# What the task requires
Please set down only the lines running from the one with "Zelený umývateľný behúň" through the last line of the entries, exactly as written and without any pictures.

# Provided material
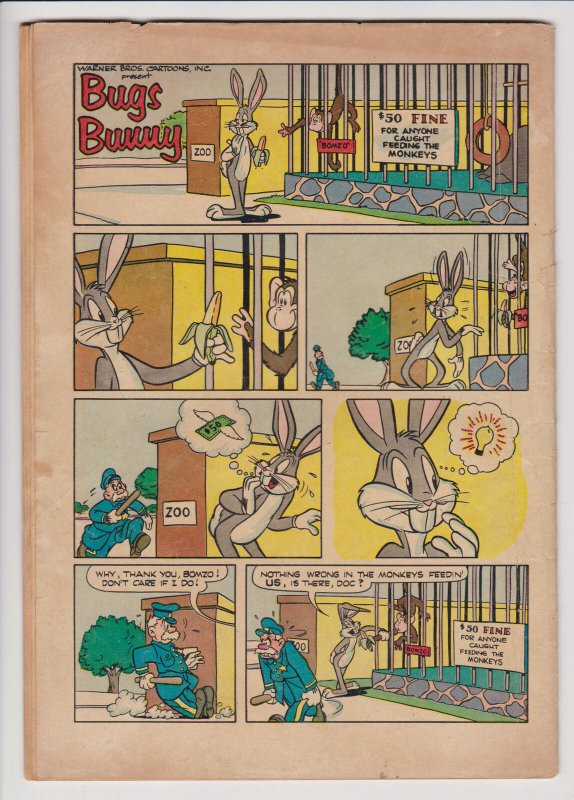 Bugs Bunny #37 (Jun 1954) 3.0 GD/VG Dell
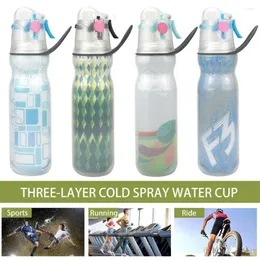 Water Bottles Sports Bottle Insulated Mist Spray With Capacity For Travel Gym Bpa-free Leak-proof Drinking Men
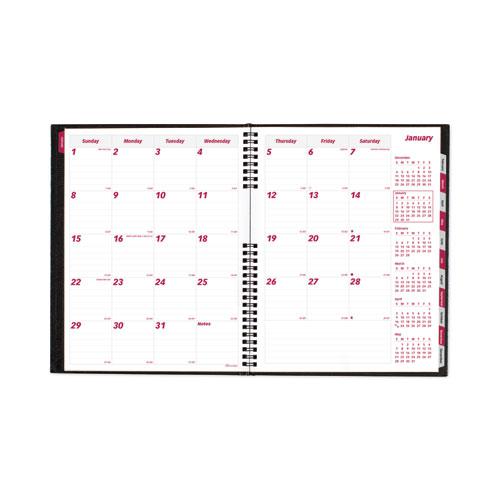 CoilPro 14-Month Ruled Monthly Planner, 11 x 8.5, Black Cover, 14-Month (Dec to Jan): 2023 to 2025. Picture 4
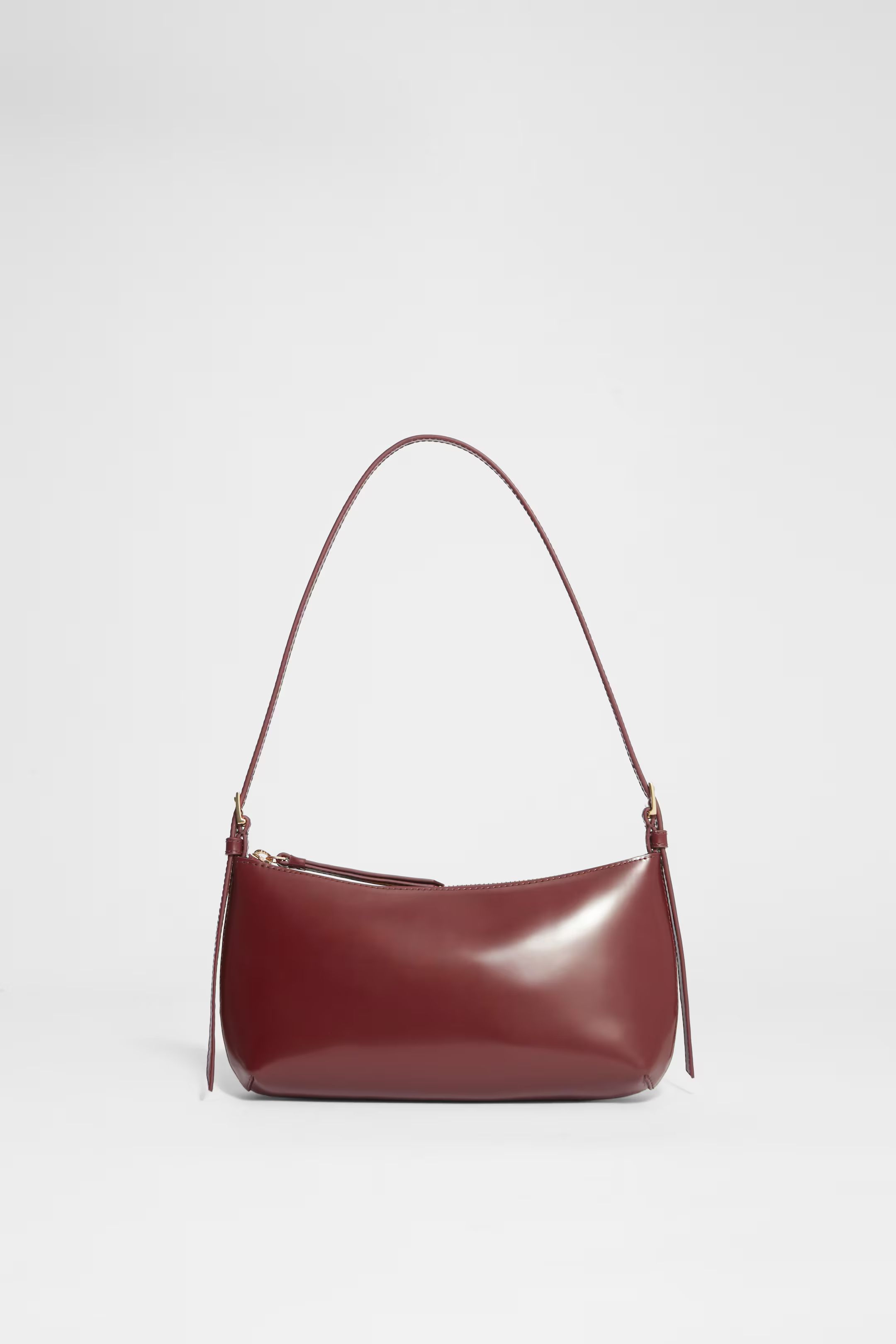 Glossed-Leather Shoulder Bag | H&M (UK, MY, IN, SG, PH, TW, HK)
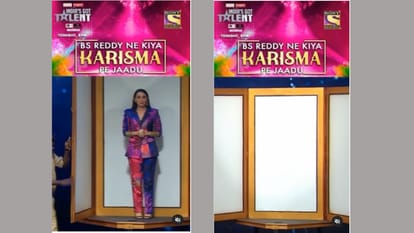 bs reddy magic karisma kapoor vanish from shilpa shetty show india got talent WATCH video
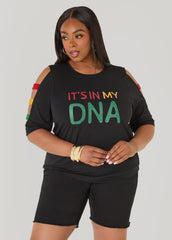 Its In My DNA Cutout Graphic Tee
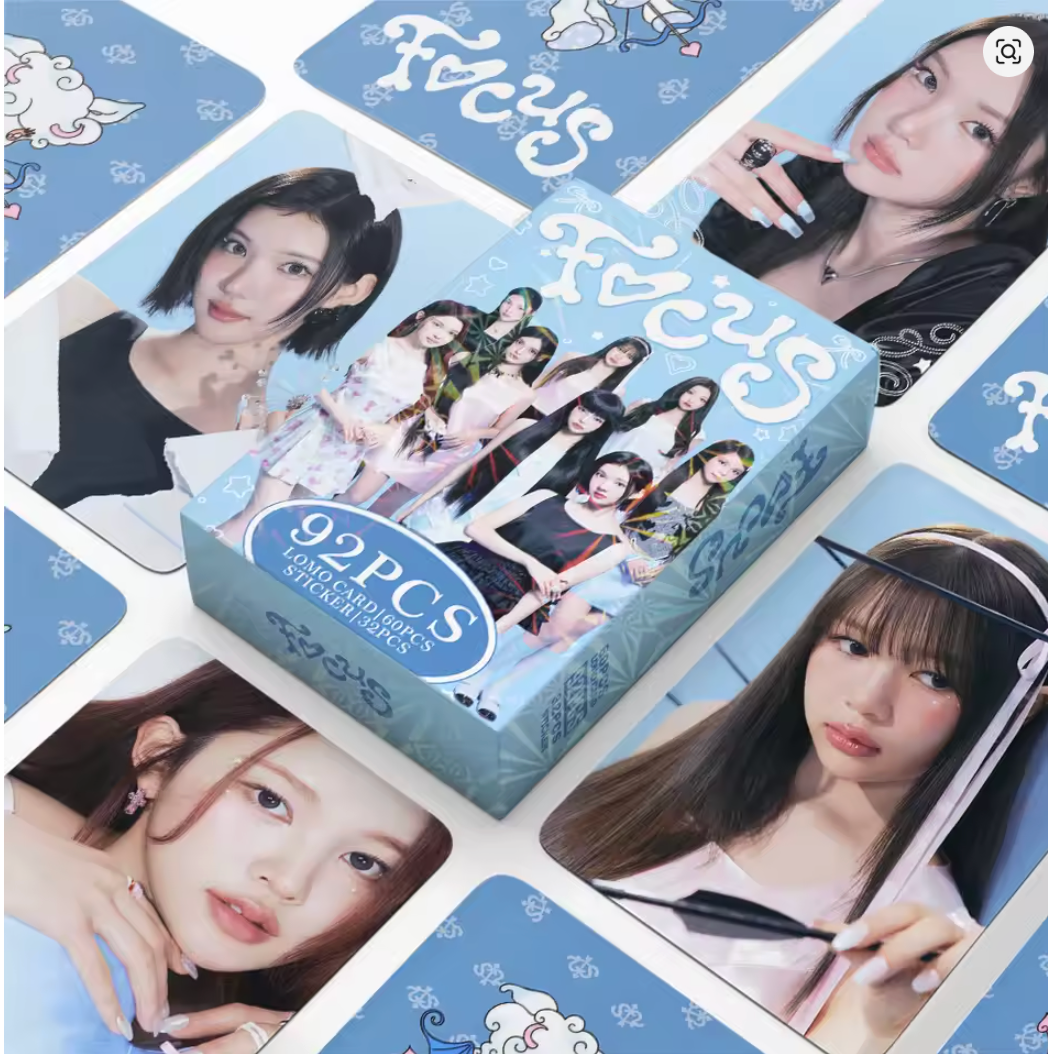 92PCS/SET IDOL HEARTS2HEARTS NEW ALBUM SERIES LOMO CARDS STICKERS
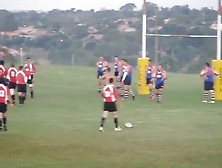 Guy Streaks Rugby Game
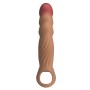 PRETTY LOVE FUNDA PARA PENE TEXTURIZADA CON VIBRACIoN Y CONTROL REMOTO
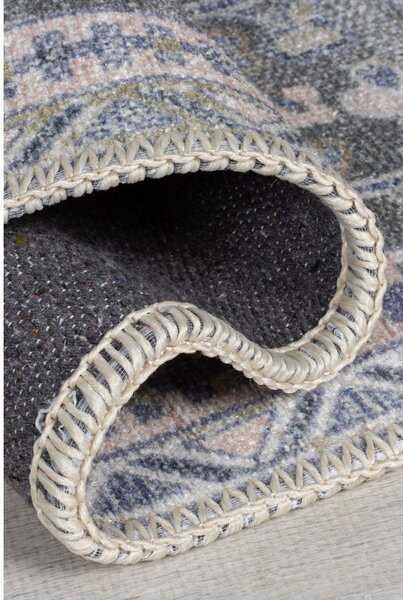 Zelený umývateľný behúň s prímesou recyklovaných vlákien 60x230 cm Windsor – Flair Rugs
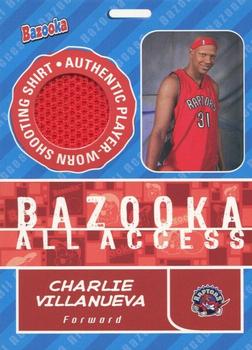2005-06 Bazooka - All-Access Relics #BAA-CV Charlie Villanueva Front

# Your response
 Zelený umývateľný behúň s prímesou recyklovaných vlákien 60x230 cm Windsor – Flair Rugs
2005-06 Bazooka - All-Access Relics #BAA-CV Charlie Villanueva Front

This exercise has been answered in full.